The Faith Journey of the Déise People
by Michael G. Olden (Diocese of Waterford & Lismore, €40.00 + €11.00 p&p; available from The Book Centre, 25 John Roberts Square, Waterford, tel: 051-873823, website@thebookcentre.ie)
In the introduction to his new book Msgr Olden states that his aim is to provide a history of the diocese of Waterford and Lismore and of the Déise. The latter he defines as the area covered by County Waterford and South-County Tipperary and the inhabitants of that region.
The author is especially well qualified to write this book, as Msgr Olden, a priest of the Diocese of Waterford and Lismore, was born in Waterford City. He was appointed to the staff of St Patrick’s College, Maynooth in October 1966, lecturing in history. He pursued a distinguished career as an academic and administrator, while contributing to many academic publications such as Archivium Hibernicum.

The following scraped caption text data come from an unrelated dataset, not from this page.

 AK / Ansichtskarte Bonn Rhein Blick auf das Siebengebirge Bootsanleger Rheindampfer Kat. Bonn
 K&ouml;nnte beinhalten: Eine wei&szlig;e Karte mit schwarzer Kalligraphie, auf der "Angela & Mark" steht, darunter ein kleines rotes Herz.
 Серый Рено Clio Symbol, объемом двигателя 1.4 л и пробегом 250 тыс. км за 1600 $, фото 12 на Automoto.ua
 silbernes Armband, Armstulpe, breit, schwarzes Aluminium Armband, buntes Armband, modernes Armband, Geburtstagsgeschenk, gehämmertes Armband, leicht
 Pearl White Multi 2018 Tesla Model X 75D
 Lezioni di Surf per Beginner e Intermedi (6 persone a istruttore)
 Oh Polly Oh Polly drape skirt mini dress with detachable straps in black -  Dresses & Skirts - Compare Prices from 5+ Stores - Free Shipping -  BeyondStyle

On leaving Maynooth, Msgr Olden returned to the Diocese of Waterford and Lismore as Parish Priest of Tramore. Though he retired from full-time ministry some years ago, he remains an active historian.
The book, which runs to 422 pages, is lavishly illustrated, written with verve, and based on deep and sound scholarship. It is also beautifully shaped.
Missionaries
At the outset the author describes the Christian presence in Ireland prior to the mission of St Patrick. This was due to people travelling to and from Christian Britain. Later, while St Patrick evangelised in the north and west of the island, other missionaries were and had already been active elsewhere. According to tradition, St Declan of Ardmore was the apostle of the Déise.

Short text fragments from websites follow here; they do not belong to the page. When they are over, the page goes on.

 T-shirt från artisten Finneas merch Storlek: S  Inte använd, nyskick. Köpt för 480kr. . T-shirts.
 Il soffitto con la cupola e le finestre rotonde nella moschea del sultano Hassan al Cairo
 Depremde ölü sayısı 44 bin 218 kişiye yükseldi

The monastic movement flourished from 550 to 1100 AD. It was represented among the Déise by the great monastery of Lismore and its affiliates. These monasteries were centres of community, learning and divine worship.
Following the arrival of the Normans in 1169 Waterford became a more important centre than Lismore. Olden narrates the decades of division thereafter as the separate diocese of Waterford and Lismore competed for hegemony among the Déise. The tension between them continued throughout the 13th Century and into the 14th until a union of the two dioceses was completed in 1363.
Making good use of primary sources Olden provides a magisterial account of the Reformation and Counter-Reformation among the Déise. He profiles some of the leading figures of that time.
Among them was Patrick Walsh who served as bishop of Waterford and Lismore from 1551 to 1578. He had the capacity to adapt his religious beliefs to those of whoever was wearing the crown, serving under Edward VI (1551-53), Mary (1553-58) and Elizabeth (1558-78). It could be said that at best he was confused, at worst he was an archetypal careerist.
To his credit, however, he never made more than a few feeble efforts to promote the new religion, thus sparing his fellow-citizens a great deal of hardship and grief.
Luke Wadding (1588– 1657), a native of Waterford, was a champion of the Counter-Reformation. He was a Franciscan priest and a polymath with an international reputation. Resident in Rome where he enjoyed access to the Pope, he exercised considerable influence over the course of ecclesiastical affairs in Ireland.
The author’s discussion on the Penal Laws is succinct. He illustrates their cruelty and injustice by simply listing them. Their main aim, he notes, was achieved when just a tiny percentage of the land of the Déise and the rest of Ireland was left in the possession of Catholics.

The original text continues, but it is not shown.